Three Year Review
Dan Siewiorek, Carnegie Mellon University
Zary Segall, University of Oregon
December 1995
Contracts:
"Fault Tolerant MACH" N00014-92-J-4139
"Ultra-Dependable Real-Time Computing" N00014-1-94-1-0210
1.0 Technical Objectives
1.1 Fault Tolerant MACH
The current trend in computing is towards open systems employing hardware
and software from multiple vendors tied together by portable software
packages. The UNIX operating system ushered in a new era of user freedom
from proprietary hardware/software platforms that commercial vendors used
to capture customers. UNIX provided a portable environment wherein a piece
of software developed on one system could be moved to another system with
minor effort. Since UNIX was available on a wide variety of platforms, the
user could purchase the most cost effective hardware without incurring an
enormous software redesign effort. MACH extends the UNIX portability beyond
the hardware platform by providing a uniform treatment of both networked
(often called distributed computing) and parallel processing (often called
shared memory) computational models. MACH sets a trend for contemporary
operating systems by employing a microkernel whereby the basic operating
system functions, such as allocate memory or start up a task, are implemented
in the microkernel. Traditional operating system services, such as a file
system, are implemented as servers executing on top of the microkernel.
As computing systems assume more and more critical tasks wherein an error
can have catastrophic consequences, attributes of computer systems other
than just cost or performance become more important.

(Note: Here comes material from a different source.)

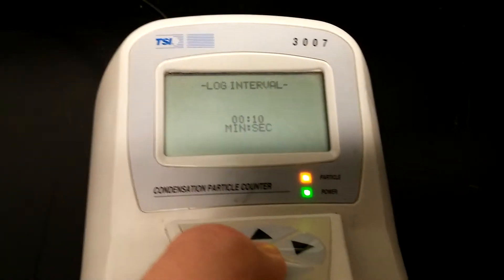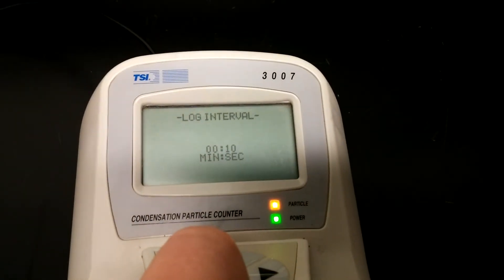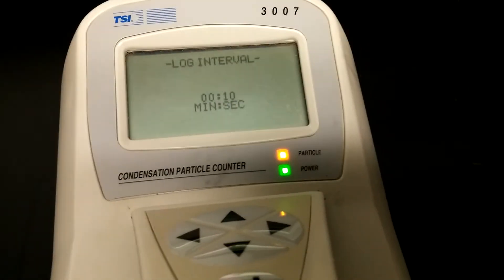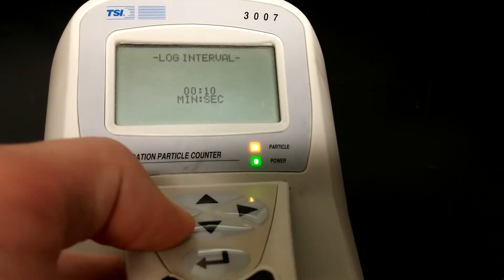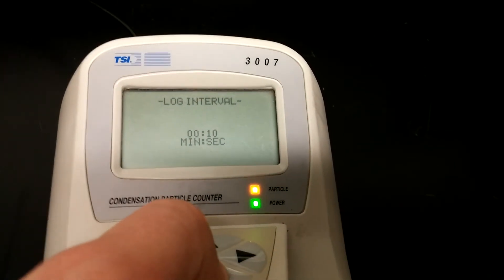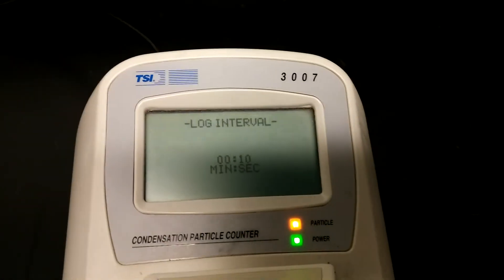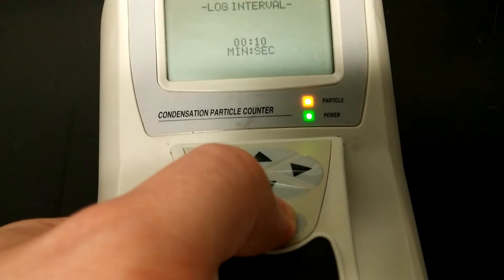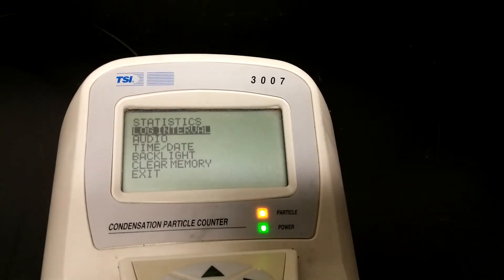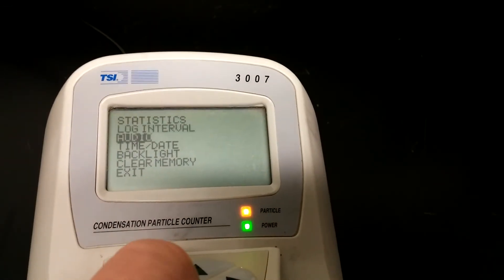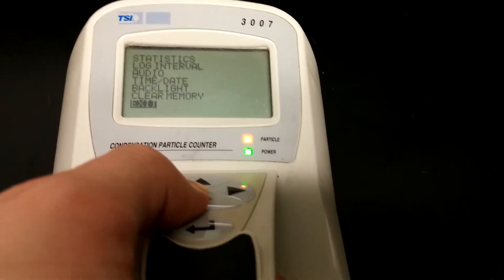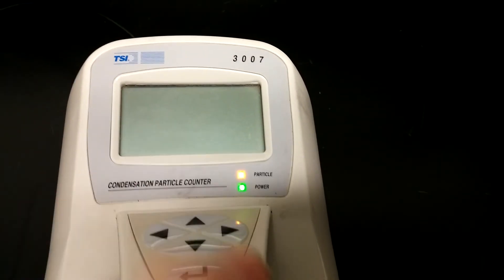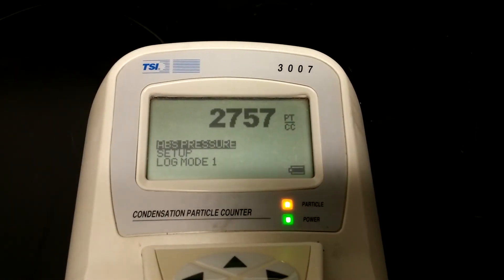If it's not set on 10 seconds, keep pressing down to cycle through all the options until you find 10 seconds. On this CPC, all the options happen to be 10 seconds. Once you find the one with 10 seconds, press the enter button. Then go down until you select 'Exit' with the down arrow and press enter. Now you're back to the main screen and your logging interval has been set to 10 seconds.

One such attribute is
the ability to tolerate a variety of errors ranging from physical defects
to environmentally induced changes to human errors. There have been fault
tolerant commercial computers for almost two decades. Most fault tolerant
systems have involved proprietary hardware and software, locking users into
a single vendor. Furthermore the user had to select either fault tolerance
or performance - an application could not decide to place some resources on
improving fault tolerance and the remaining resources on performance. No
trade-off between fault tolerance and performance was possible. While a
network of distributed computers running open system software has a natural
degree of redundancy so that physical hardware failures could be tolerated,
software to take advantage of this feature has been slow to develop.
Research has produced software which can tolerate network node failure
assume fail-fast network nodes, implying that faults are either detected
or recovered from before erroneous output can enter the network.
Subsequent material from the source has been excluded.